Posted by Martha DiMeo on June 1st, 2013 | 1 Comment

Demand for stock imagery has increased exponentially. According to the 26th Annual Stock Visual Survey—sponsored by iStockphoto and published last fall in GD USA magazine—stock visuals as a creative resource have progressed from marginal to mainstream to indispensable.

The Numbers

Some very significant numbers came out of the report:
—98% of creatives reported using stock imagery
—70% reported using stock imagery more than 20 times during the course of the year,
—1 in 3 creatives reported using stock imagery more than 100 times in that same year

Improving  Stock Photography

That’s a lot of stock photography. And, it is being used for good reason. It offers many advantages to the digital workflow that now shapes the graphic design business. Specifically—choice, accessibility, convenience, affordability, and short turnaround times.

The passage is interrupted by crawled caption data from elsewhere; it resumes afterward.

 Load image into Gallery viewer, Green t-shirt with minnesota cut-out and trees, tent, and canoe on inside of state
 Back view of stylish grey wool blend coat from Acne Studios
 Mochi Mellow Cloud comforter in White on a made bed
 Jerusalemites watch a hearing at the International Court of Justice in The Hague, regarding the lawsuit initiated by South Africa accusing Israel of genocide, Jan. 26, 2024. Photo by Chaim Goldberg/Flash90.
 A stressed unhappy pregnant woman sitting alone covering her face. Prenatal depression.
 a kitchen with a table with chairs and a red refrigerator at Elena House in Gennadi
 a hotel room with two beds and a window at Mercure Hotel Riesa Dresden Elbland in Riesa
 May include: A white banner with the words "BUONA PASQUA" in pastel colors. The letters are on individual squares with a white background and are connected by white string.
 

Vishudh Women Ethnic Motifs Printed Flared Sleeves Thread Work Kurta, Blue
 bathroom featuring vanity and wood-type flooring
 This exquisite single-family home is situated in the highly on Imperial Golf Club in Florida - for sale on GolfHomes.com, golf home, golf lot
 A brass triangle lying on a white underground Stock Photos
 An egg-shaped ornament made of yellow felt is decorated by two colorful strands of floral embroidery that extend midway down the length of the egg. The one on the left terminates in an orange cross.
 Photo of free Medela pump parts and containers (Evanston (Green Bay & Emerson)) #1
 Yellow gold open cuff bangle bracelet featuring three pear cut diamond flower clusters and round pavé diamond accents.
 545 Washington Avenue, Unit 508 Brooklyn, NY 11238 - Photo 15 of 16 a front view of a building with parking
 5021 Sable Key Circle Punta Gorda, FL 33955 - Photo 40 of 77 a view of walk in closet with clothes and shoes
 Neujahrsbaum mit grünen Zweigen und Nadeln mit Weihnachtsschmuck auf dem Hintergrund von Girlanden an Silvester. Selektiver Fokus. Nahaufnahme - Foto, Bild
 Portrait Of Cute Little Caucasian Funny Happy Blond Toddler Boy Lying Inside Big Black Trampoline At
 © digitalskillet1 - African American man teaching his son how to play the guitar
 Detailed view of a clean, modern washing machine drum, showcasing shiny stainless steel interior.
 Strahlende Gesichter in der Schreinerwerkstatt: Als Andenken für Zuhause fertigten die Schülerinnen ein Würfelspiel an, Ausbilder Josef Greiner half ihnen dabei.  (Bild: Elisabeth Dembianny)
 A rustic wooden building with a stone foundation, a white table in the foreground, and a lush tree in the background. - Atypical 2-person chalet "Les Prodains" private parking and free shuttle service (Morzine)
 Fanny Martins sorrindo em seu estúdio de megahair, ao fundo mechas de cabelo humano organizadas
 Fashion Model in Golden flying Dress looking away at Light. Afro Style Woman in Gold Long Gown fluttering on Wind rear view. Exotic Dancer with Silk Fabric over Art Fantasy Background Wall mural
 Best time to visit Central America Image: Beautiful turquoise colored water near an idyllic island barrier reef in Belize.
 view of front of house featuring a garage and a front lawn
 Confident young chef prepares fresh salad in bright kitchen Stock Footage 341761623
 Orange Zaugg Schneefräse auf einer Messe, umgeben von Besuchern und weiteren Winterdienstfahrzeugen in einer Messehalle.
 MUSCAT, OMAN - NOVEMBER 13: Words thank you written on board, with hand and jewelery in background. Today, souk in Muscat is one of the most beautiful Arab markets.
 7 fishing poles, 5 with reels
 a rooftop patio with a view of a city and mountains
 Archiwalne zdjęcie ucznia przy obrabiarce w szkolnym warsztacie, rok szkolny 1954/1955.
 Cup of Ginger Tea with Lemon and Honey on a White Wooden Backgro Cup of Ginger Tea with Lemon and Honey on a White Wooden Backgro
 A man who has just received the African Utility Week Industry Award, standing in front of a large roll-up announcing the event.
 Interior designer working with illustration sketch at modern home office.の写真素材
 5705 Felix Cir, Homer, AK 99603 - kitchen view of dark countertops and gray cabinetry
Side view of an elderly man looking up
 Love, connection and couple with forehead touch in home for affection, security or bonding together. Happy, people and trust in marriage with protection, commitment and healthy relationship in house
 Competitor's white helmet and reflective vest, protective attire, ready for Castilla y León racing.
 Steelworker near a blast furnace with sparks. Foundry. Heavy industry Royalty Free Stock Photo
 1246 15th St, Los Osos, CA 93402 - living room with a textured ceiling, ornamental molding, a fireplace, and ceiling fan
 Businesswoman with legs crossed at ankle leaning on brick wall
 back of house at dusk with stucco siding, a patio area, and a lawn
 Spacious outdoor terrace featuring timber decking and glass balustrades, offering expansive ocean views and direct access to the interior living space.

But, there is one tenuous aspect with stock photography—reproduction quality. The file you receive may not be optimized for your specific reproduction needs—whether for digital media or the high demands of print. Seldom, if ever, should a stock photograph go into a final design piece without being adjusted. I make this recommendation from experience. Hundreds and hundreds of stock photos have crossed my desk for review.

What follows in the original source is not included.